Restare significa combattere spesso contro i mulini a vento per cercare di salvarsi, di sopravvivere, di emergere rischiando di vivere in miseria, disperazione, degrado…
Partire vuol dire inseguire i propri sogni, trovare un lavoro e avere la possibilità di costruirsi un futuro migliore lontani da casa, dal luogo in cui le proprie radici si sono nutrite d’amore per far sì che si divenisse l’essere che si è ma, agli occhi di coloro che restano, si può apparire come sempliciotti come codardi che si arrendono dinnanzi alle difficoltà e scappano. Per questo, in coloro che partono, resterà sempre un senso di colpa e vergogna assieme alla speranza di essere capiti e perdonati da coloro che invece decidono di restare.

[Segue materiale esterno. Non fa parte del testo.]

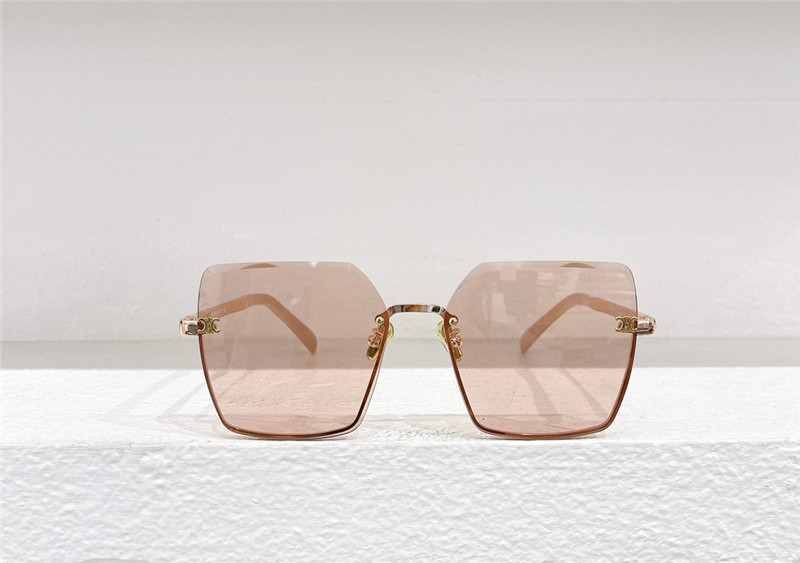 Ce1i*e rimless square sunglasses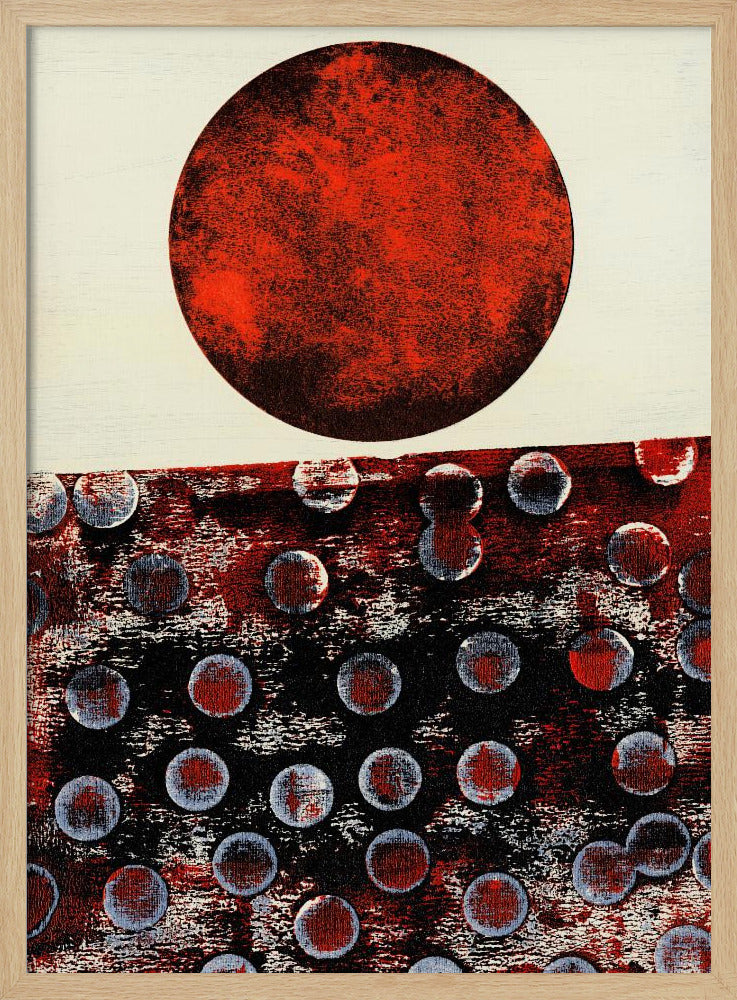 Abstract kunstwerk met geometrische compositie | Poster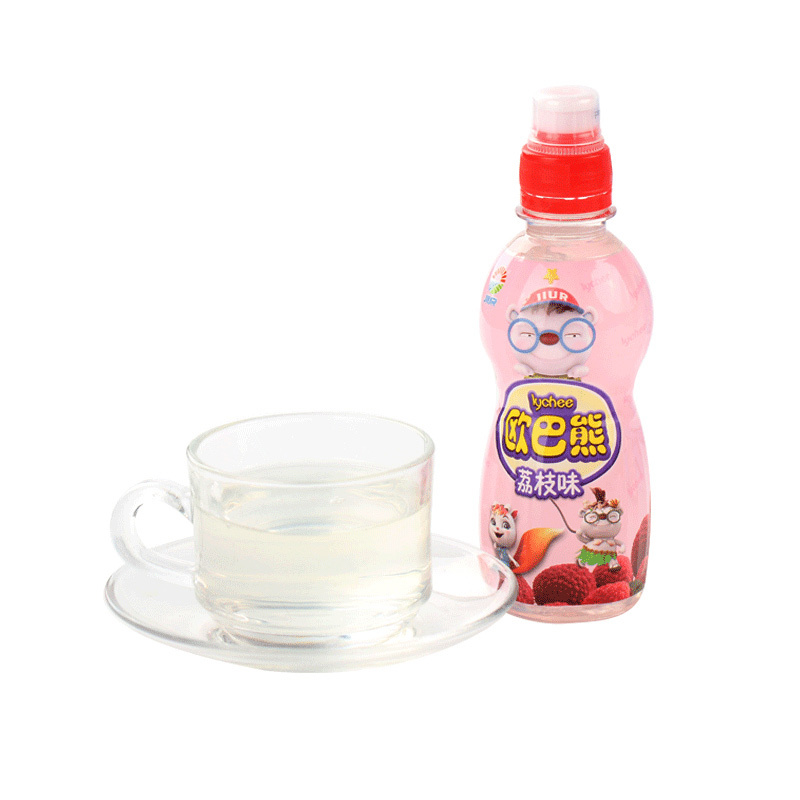 马来西亚进口 九日欧巴熊荔枝果汁饮料250ml*24瓶整箱饮料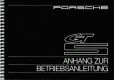 Porsche 924 Carrera GTS Anhang zur Betriebsanleitung Garantie Pflegepass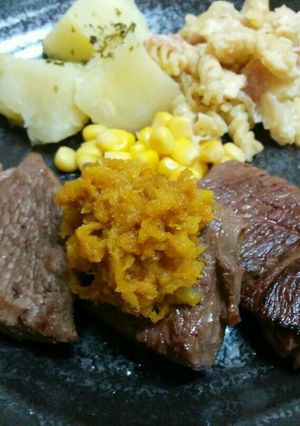 みんなにっこにこステーキ-レシピのメイン写真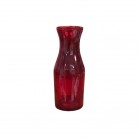 Vaso Vermelho Vidro 20 Cm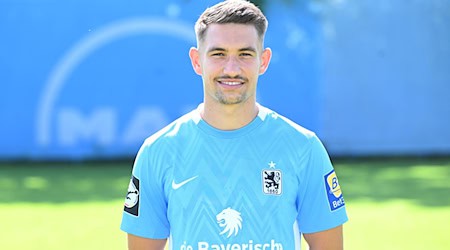 Julian Guttau wechselt vom TSV 1860 München zum FC Erzgebirge Aue. / Foto: Felix Hörhager/dpa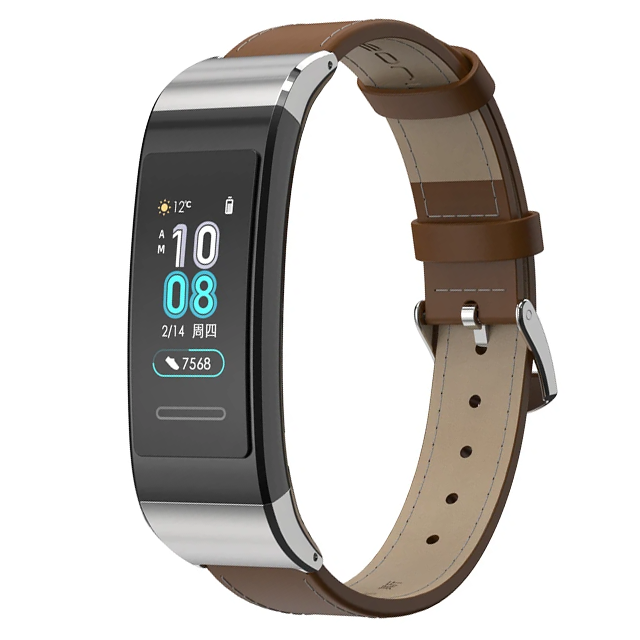 Huawei Band 3 Pro / 4 Pro strap (Genuine leather) - 5 colors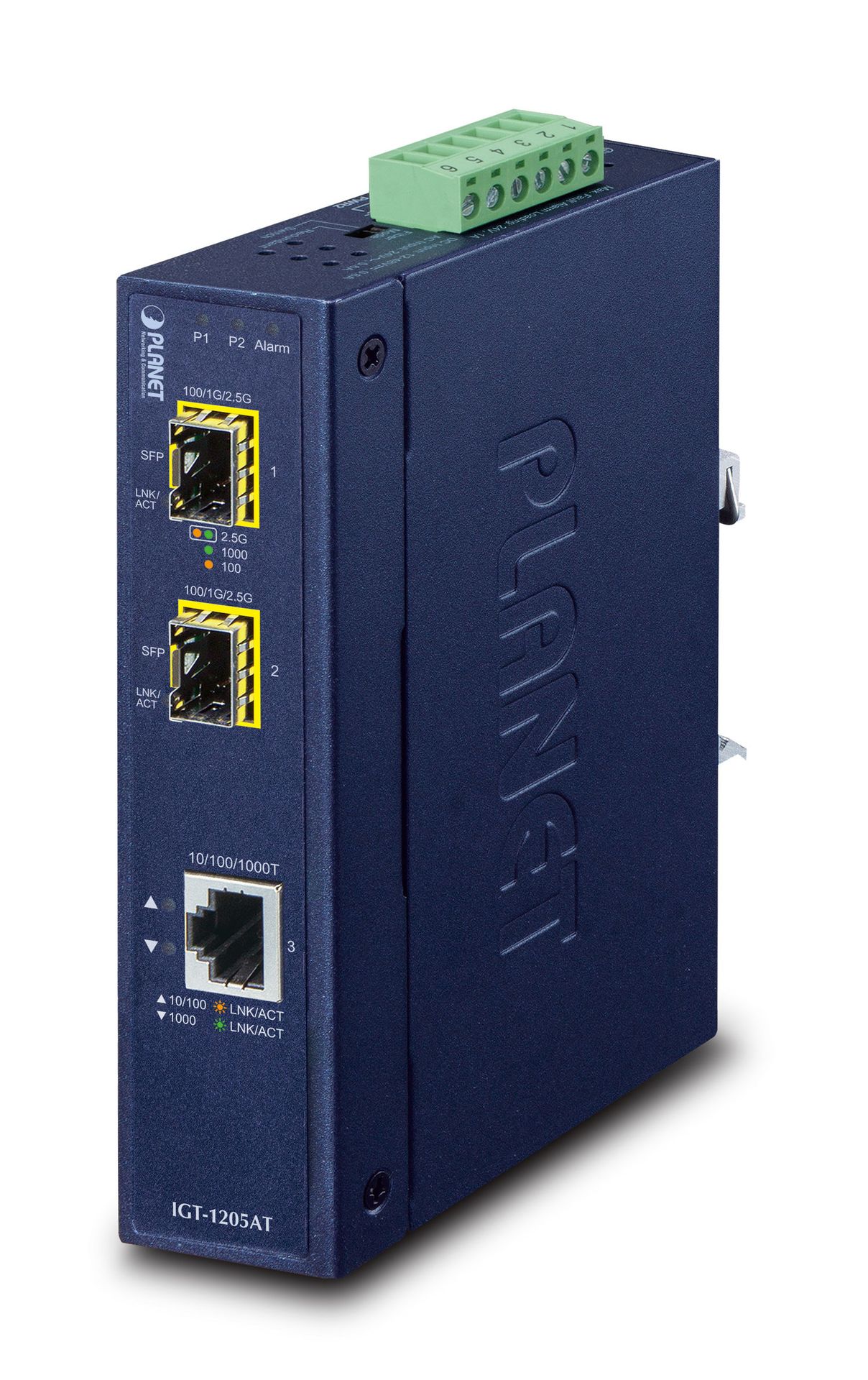 Planet IGT-1205AT Konwerter przemys. -40oC GEth> SFP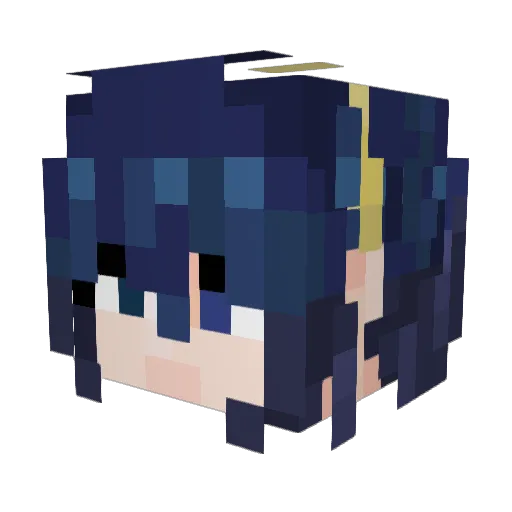 Ben_Battlesmith Minecraft avatar head, 3D render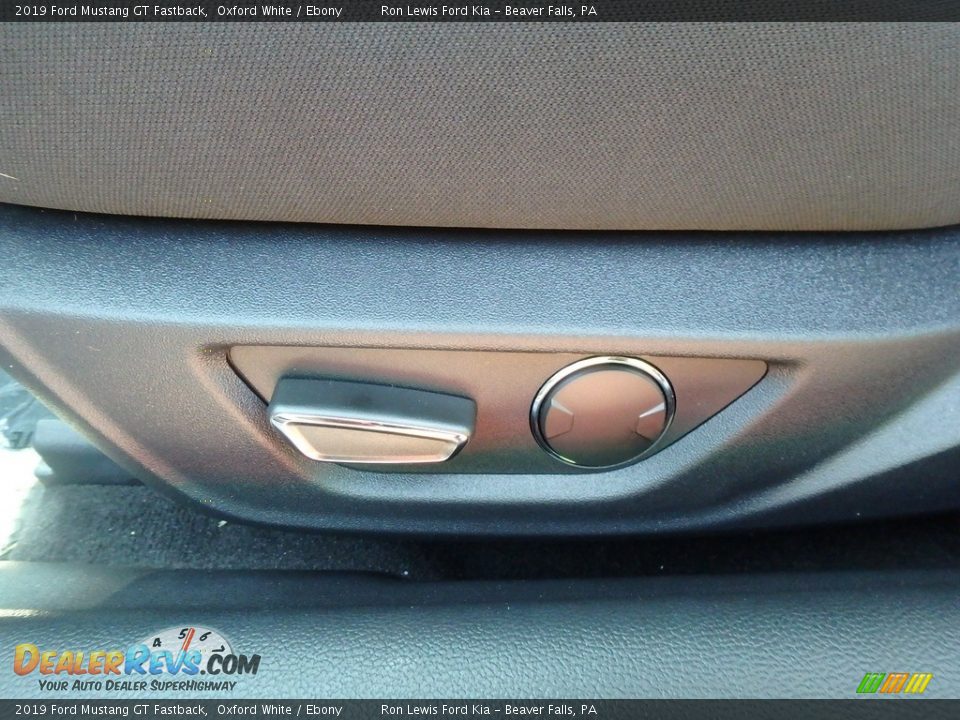 2019 Ford Mustang GT Fastback Oxford White / Ebony Photo #16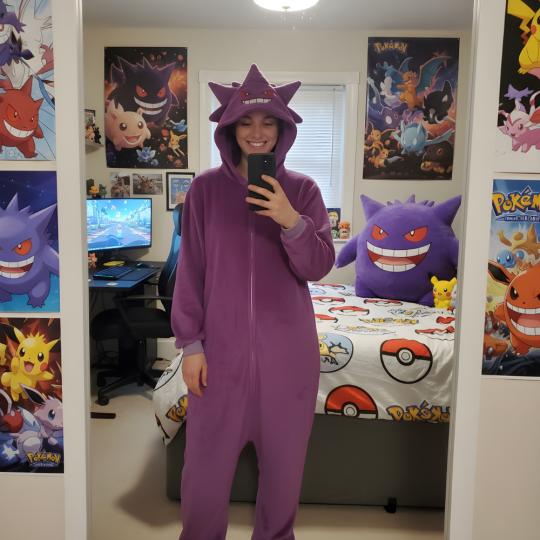 Piżama Onesie Kigurumi Przebranie Pokemon Gengar, zdjęcie 5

Essere isolano significa avere il privilegio di respirare profumo d’amore in ogni luogo, in ogni cosa, in ogni movenza e palpito.
Essere isolano significa rinascere ogni volta che si torna e sentire gli strappi al cuore ogni volta che, partendo, pian piano si muore.
Essere isolano significa avere una visuale dischiusa, aguzza e pertinente che va oltre i confini delineati dalla terra, egli sa, che oltre i confini, c’è l’immensità del mare che tutto ammansisce nel suo eterno reiterare.
Il libro di Gianni Romano merita, per cui vi esorto a leggerlo e nel frattempo gli rendo grazie, per aver rispolverato in me l’essenza preziosa dell’essere isolana.